Task requirements.
Set the whole listing down again, word for word, with no pictures.

Material to process.
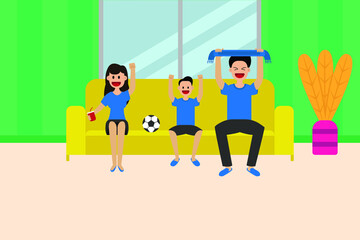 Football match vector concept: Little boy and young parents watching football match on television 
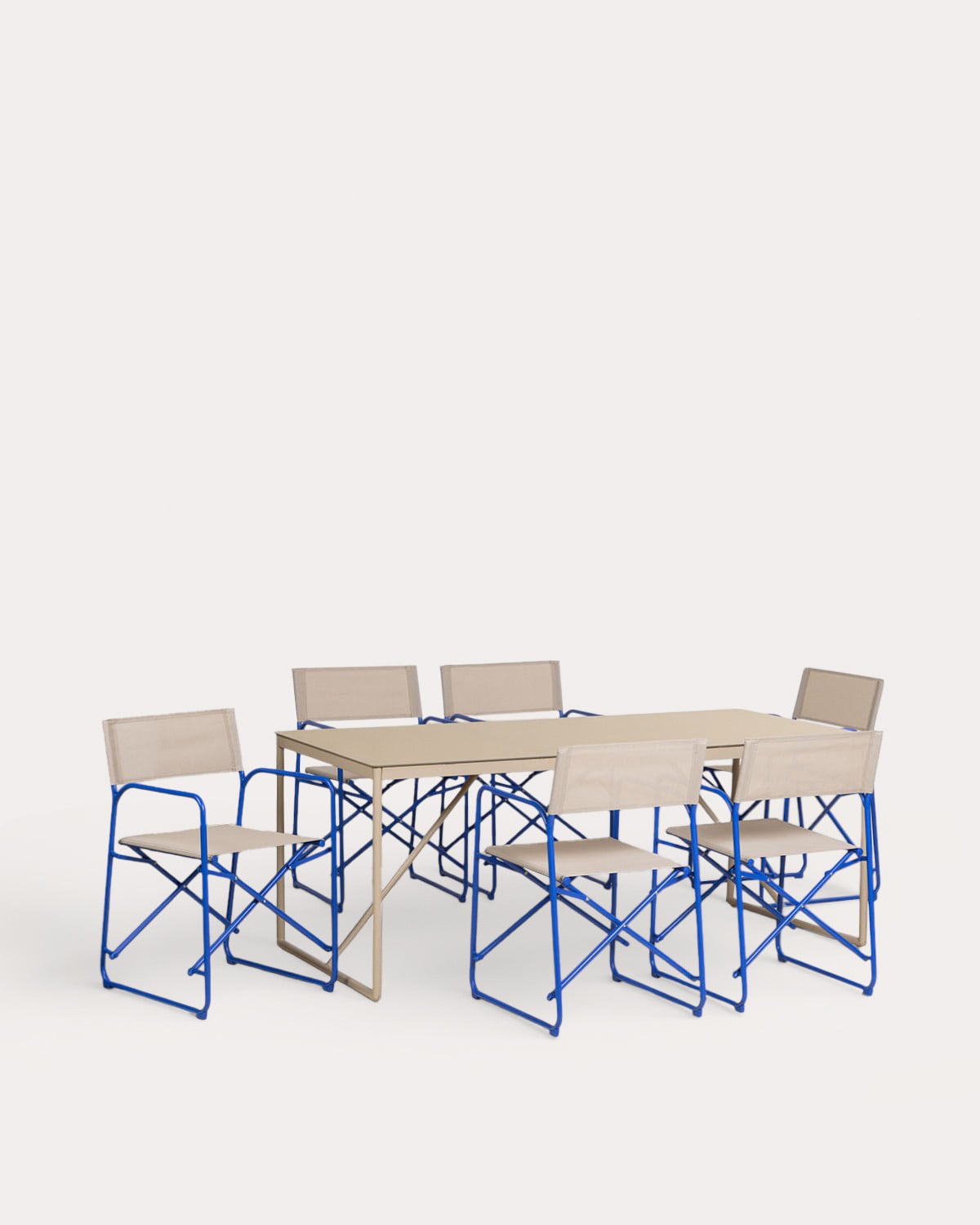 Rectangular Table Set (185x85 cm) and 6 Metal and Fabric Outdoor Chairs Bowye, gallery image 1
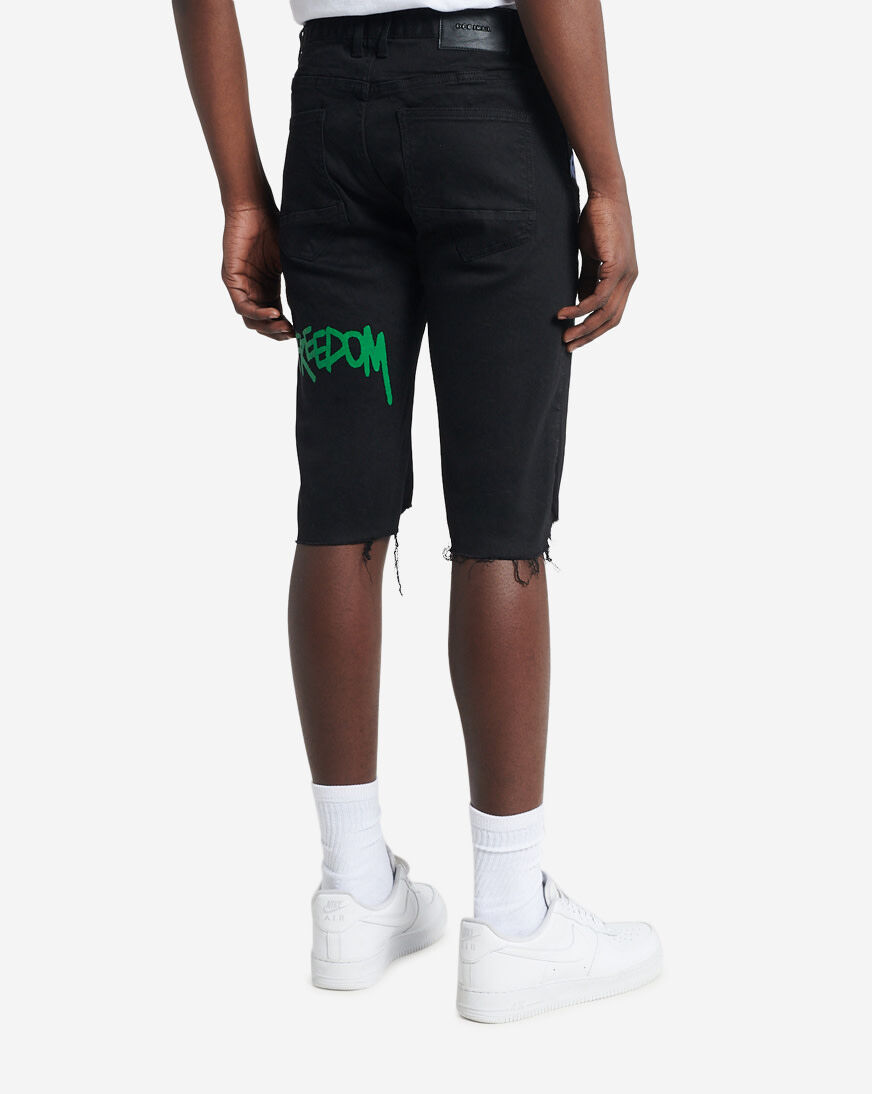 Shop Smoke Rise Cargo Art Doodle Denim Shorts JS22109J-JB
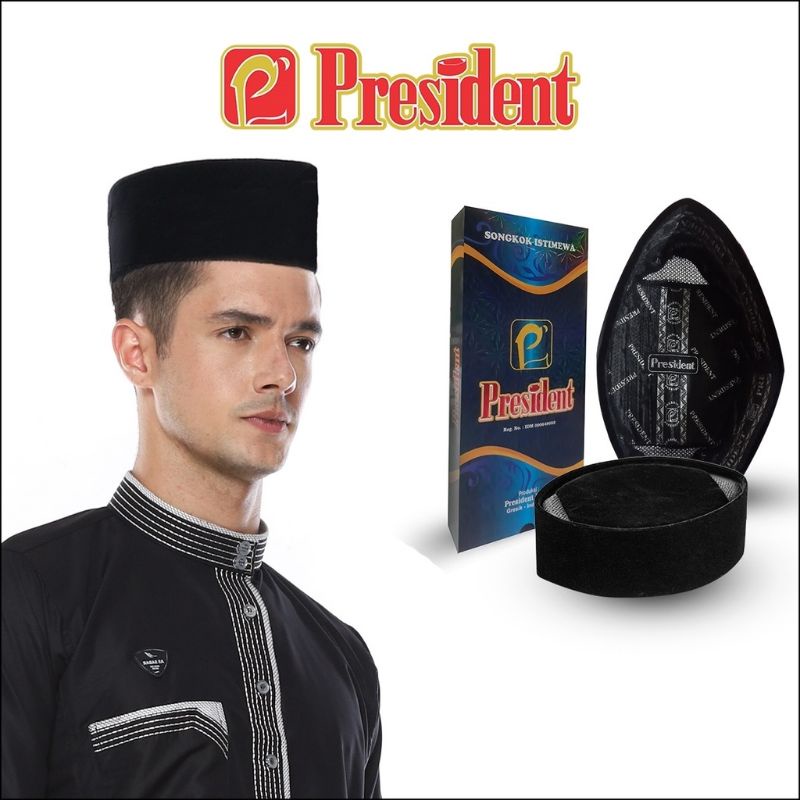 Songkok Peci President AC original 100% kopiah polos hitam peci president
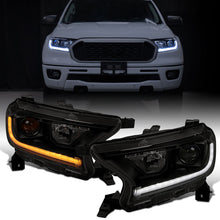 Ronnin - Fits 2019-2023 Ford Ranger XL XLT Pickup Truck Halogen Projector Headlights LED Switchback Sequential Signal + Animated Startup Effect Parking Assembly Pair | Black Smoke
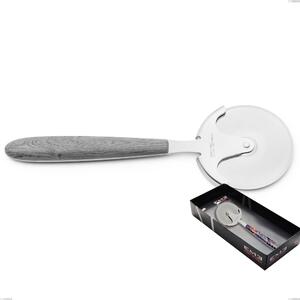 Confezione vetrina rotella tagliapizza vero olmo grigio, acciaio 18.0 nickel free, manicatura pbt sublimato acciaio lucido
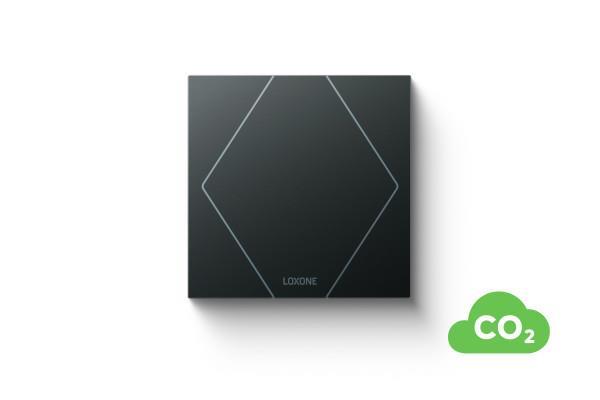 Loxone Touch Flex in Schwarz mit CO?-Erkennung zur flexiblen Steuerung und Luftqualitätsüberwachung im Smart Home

Answer section.
 Football match vector concept: Little boy and young parents watching football match on television 
 Rectangular Table Set (185x85 cm) and 6 Metal and Fabric Outdoor Chairs Bowye, gallery image 1
 Shop Smoke Rise Cargo Art Doodle Denim Shorts JS22109J-JB
 Songkok Peci President AC original 100% kopiah polos hitam peci president
 Ronnin - Fits 2019-2023 Ford Ranger XL XLT Pickup Truck Halogen Projector Headlights LED Switchback Sequential Signal + Animated Startup Effect Parking Assembly Pair | Black Smoke
 Confezione vetrina rotella tagliapizza vero olmo grigio, acciaio 18.0 nickel free, manicatura pbt sublimato acciaio lucido
 Loxone Touch Flex in Schwarz mit CO?-Erkennung zur flexiblen Steuerung und Luftqualitätsüberwachung im Smart Home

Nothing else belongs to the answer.